Credits also contain logos/symbols (near the end), and often have stylistic flai...

giantrobot · on July 6, 2020

Text with video is difficult to do correctly for a few different reasons. Just rendering text well is a complicated task that's often done poorly. Allowing arbitrary text styling leads to more complexity. However for the sake of accessibility (and/or regulations) you need some level of styling ability.

This is all besides complexity like video/audio content synced text or handling multiple simultaneous speakers. Even that is besides workflow/tooling issues that you mentioned.

The MPEG-4 spec kind of punted on text and supports fairly basic timed text subtitles. Text essentially has timestamp where it appears and a duration. There's minimal ability to style the text and there's limits on the availability of fonts though it does allow for Unicode so most languages are covered.
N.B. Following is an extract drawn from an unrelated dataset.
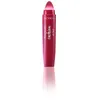 Image de Revlon Kiss Cushion Lip Tint  - Naughty Mauve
It's possible to do tricks where you style words at time stamps to give a karaoke effect or identify speakers but that's all on the creation side and is very tricky.
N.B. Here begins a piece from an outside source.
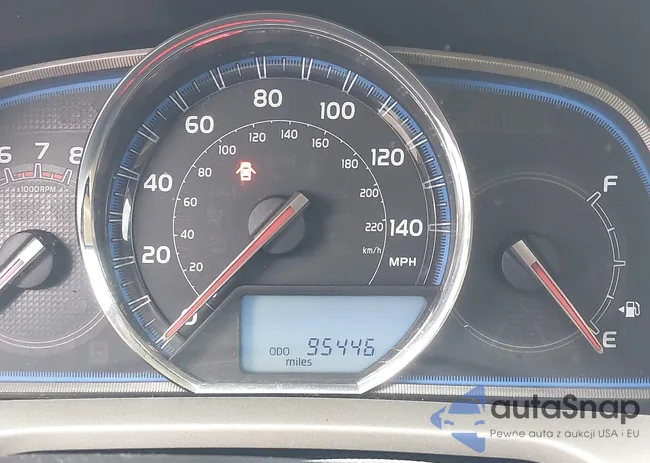 2T3YFREV9EW101227: 38668759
The Matroska spec has a lot more robust support for text but it's more of just preserving the original subtitle/text encoding in the file and letting the player software figure out what to do with that particular format and then displaying it as an overlay on the video.

It's unfortunate text doesn't get more first class love from multimedia specs. There's a lot that could be done, titles and credits as you mention, but also better integration of descriptive or reference text or hyperlink-able anchors.

dfox · on July 6, 2020

MPEG 4 (taken as a the whole body of standards, not as two particular video codecs) actually has provisions for text content, vector video layers and even rudimentary 3D objects. On the other hand I'm almost sure that there are no practical implementations of any of that.

duskwuff · on July 6, 2020

Oh, and that's only the beginning. The MPEG-4 standard also includes some pretty wacky kitchen-sink features like animated human faces and bodies (defined in MPEG-4 part 2 as "FBA objects"), and an XML format for representing musical notation (MPEG-4 part 23, SMR).

giantrobot · on July 6, 2020

Don't forget Java bytecode tracks!

occamrazor · on July 6, 2020

Scene releases often had optimized compression settings for credits (low keyframes, b&w, aggressive motion compensation, etc.)